Public policies are a unifying element in a democracy marred by mistrust. President Mattarella places his trust in the citizens.
Sergio Mattarella was elected Italy’s president of the republic on 31 January 2015. Although the first 100 days of the honeymoon period are not yet behind him, we can assess the initial distinctive features to emerge from the seven-year term that has just begun.
Since Mattarella is Italy’s president, and not the head of government (that is the prime minister’s role), considerations mostly concern the discursive and communicative – as opposed to functional – dimension of this position within the Italian democracy. Clearly, the president of the republic performs a major institutional role as a constitutional watchdog, along with the many relevant related functions.
However, we have had little information to go on regarding these aspects since Mattarella’s election. Nor has he been called upon so far to handle any complex institutional or political crises, thanks to his predecessor. So all assessments must be based on what he has done and said while performing his institutional role on the public stage, a role that is by no means secondary since it has the power to shape the democratic discourse. On this count, a few novel elements are worth highlighting.
The most apparent and noted of which is Mattarella’s personal style, which nevertheless takes on institutional significance. Everyone has seen the new president driving around Rome in his small Fiat Panda, travelling by train, taking the tram and heading home for the weekend on commercials flights.
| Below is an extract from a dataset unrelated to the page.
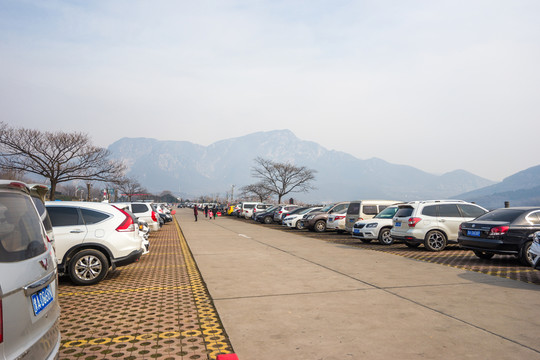 大型戶外停車場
No one would call former President of the Republic Giorgio Napolitano anything but sober in his demeanour, but Mattarella gives the impression that his choices contain a direct political meaning as they express personal attitudes recognised by all those who know him well. The real significance here is that the president presides over a republic of citizens and does not belong to another world. His status and his role make him no different from anyone else, inasmuch as that is possible, though he does not follow the latest fashion among professional politicians of going tie-less in public (as proven by a recent ban on ties) as a way of indicating that they are ‘of the people’. This president seems worlds apart from that kind of rhetoric.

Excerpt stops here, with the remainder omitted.